Macedonio Fernández inventou conceito de "zapping" literário
O século 21 "será macedoniano", anunciou o romancista argentino Ricardo Piglia no documentário "Macedonio Fernández", que ele realizou com o cineasta Andrés di Tello e que está disponível, sem legendas, no YouTube. Prova disso talvez seja a inesperada atualidade que uma de suas criações, o "leitor salteador", nestes tempos de internet.
Num dos infindáveis prólogos de "Museu do Romance da Eterna" (tradução Gênese Andrade, Cosac Naify), que acaba de ser publicado no Brasil, Macedonio desenvolve sua famosa teoria dos "leitores salteados" --aqueles que, mesmo pulando páginas, não deixam de ser "leitores completos". Fragmentário, o livro antecipa os saltos do leitor e "pula" o texto para ele, numa espécie de "zapping" literário.
Em 2009, em entrevista à Folha, para Sylvia Colombo, Ricardo Piglia (disponível para assinantes) reconheceu no internauta do século 21 o "leitor salteado" de Macedonio, "que já não é aquele que está isolado, concentrado e lutando contra a interrupção".
Por que a extravagante personalidade do autor do "Museu do Romance da Eterna", escrito ao longo de toda a sua vida e publicado postumamente em 1967, continua fascinando os escritores argentinos e rendendo um extenso anedotário?
Macedonio tentou fundar, por volta de 1897, uma comuna anárquica com três ou quatro pessoas, numa ilha perto da fronteira do Paraguai --o pai de Borges, Jorge Guillermo, não foi, pois estava para se casar. Eram "náufragos da sociedade", como diz Ricardo Piglia em seu documentário. Sobre essa experiência, Borges cravou: a colônia libertária "durou o que costumam durar tais utopias".
Nos anos 1920, ao ficar viúvo, Macedonio abandonou os quatro filhos, que seriam criados por parentes, para dedicar-se à fermentação das vanguardas literárias nos cafés e revistas de Buenos Aires. Dedicou-se também às suas proverbiais manias, narradas por seus discípulos incansáveis como Jorge Luis Borges, como a de mudar de casa constantemente, tendo morado em inúmeras pensões portenhas e em casas nos arrabaldes de Buenos Aires.
Entre as excentricidades do amigo, escreve Borges, estavam "o nacionalismo" (Macedonio apoiou todos os presidentes da República, na certeza de que o povo argentino "não erra"); o medo da odontologia (o que o levava a golpear-se em público para amolecer os dentes e assim evitar o boticão); e a paixão pelas prostitutas de rua.

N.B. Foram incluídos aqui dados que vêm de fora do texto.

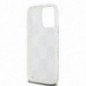 Apple iPhone 15 Pro Max Hülle DKNY Liquid Glitters Checkered Pattern Weiß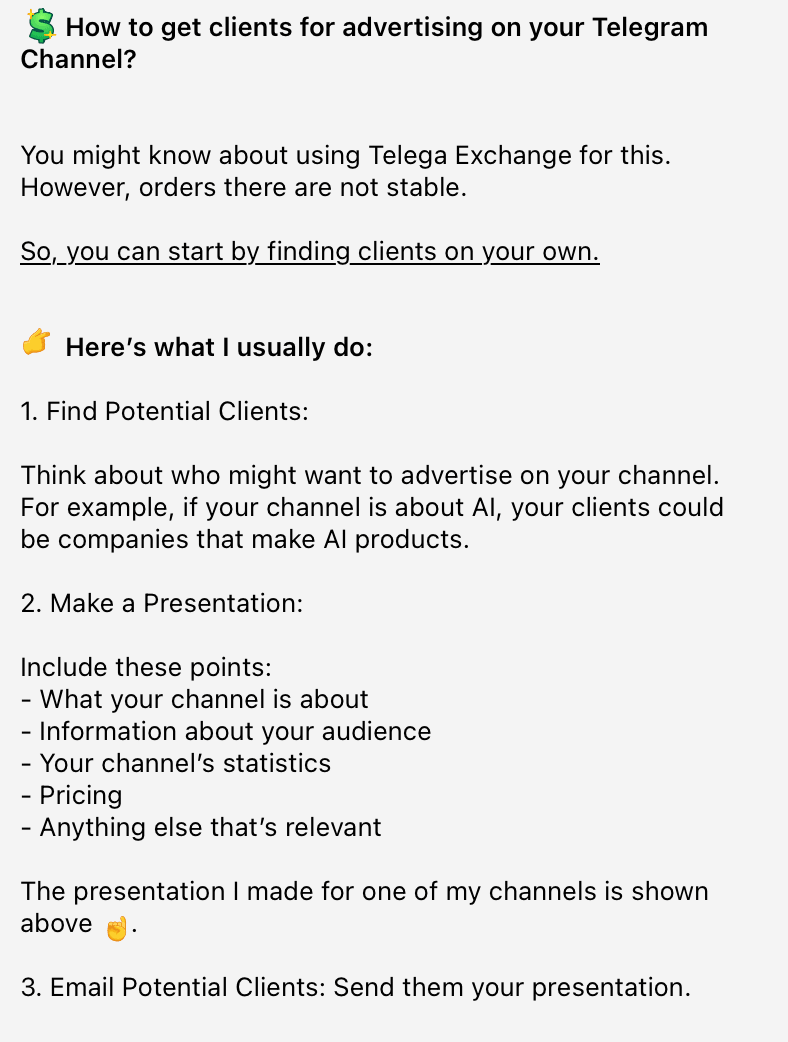 telegram post example, how to grow a telegram channel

Numa carta ao amigo, Macedonio escreveu: "Caro Jorge Luis: desculpe-me por não ter ido ontem à noite. Eu estava indo, mas sou tão distraído que no caminho me lembrei que havia ficado em casa. Estas constantes distrações são uma vergonha, e às vezes me esqueço de me envergonhar também".

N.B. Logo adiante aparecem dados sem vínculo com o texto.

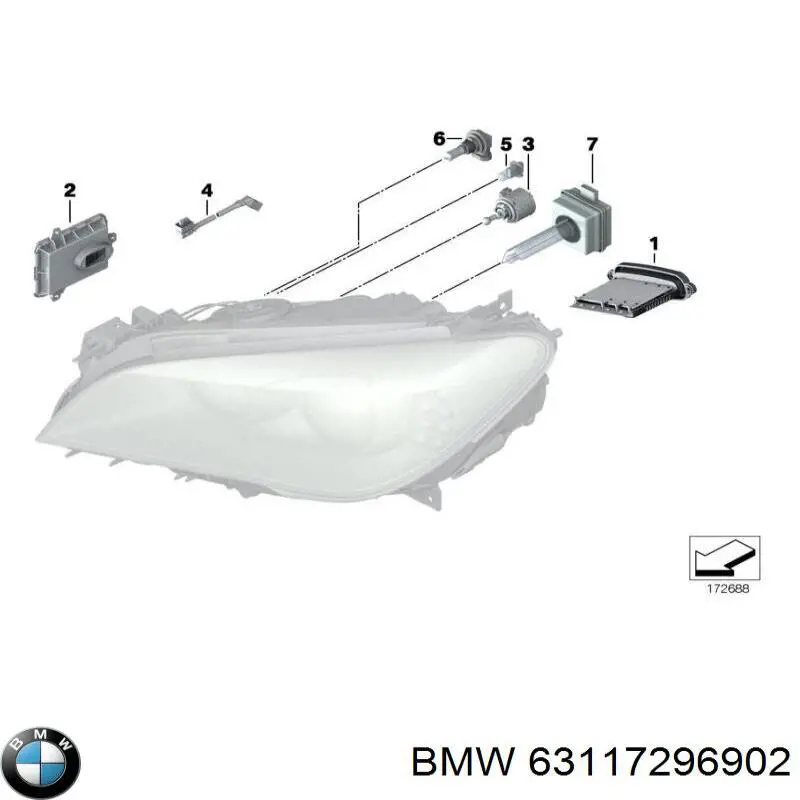 Кронштейн (адаптер) кріплення фари передньої BMW 63117296902 ціна, від 51.94 USD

As primeiras notícias sobre o "Museu do Romance da Eterna", escrito para sua falecida mulher, remontam aos anos 1920. Borges, Macedonio e amigos pretendiam escrever um romance coletivo, "O Homem que vai ser Presidente": a história de um grupo de conspiradores, liderado por um certo "Presidente", que pretende tomar a cidade de Buenos Aires.
O projeto não foi para a frente, mas Macedonio faria do Presidente o protagonista do seu "Museu do Romance da Eterna", escrevinhando ao longo de décadas em dezenas de cadernos e pedaços de papel que o acompanhariam pelo resto da vida. A edição experimental da Cosac Naify, de autoria da designer Elaine Ramos, procura recriar a sensação de um amontoado de páginas de diferentes formatos.
O "Museu do Romance da Eterna" é um curioso labirinto de prólogos que se sucedem, anunciando uma narrativa que nunca vem: em vez de preparar o leitor para entrar no recinto do romance, os prólogos constituem o próprio território da narrativa. A primeira publicação do livro, em 1967, de certa maneira traiu os ideais de seu autor, que almejava um eterno ineditismo, escrevendo sem jamais concluir o manuscrito ou publicar.
CANDIDATO À PRESIDÊNCIA
A presidência da República era mais uma das obsessões de Macedonio, que declarava ter a intenção de disputar as eleições como candidato independente, arregimentando amigos e fãs numa bizarra pré-campanha que alguns levaram a sério, outros como pura gozação.
Quem conta é Jorge Luis Borges, cuja irmã participou de uma mobilização de Macedonio para "insinuar-se na imaginação das pessoas de modo mais sutil e enigmático": em vez da "fácil" citação em jornais, pediu que seus conhecidos escrevessem seu nome em pedaços de papel que eram "esquecidos" em confeitarias, bondes, cinemas etc.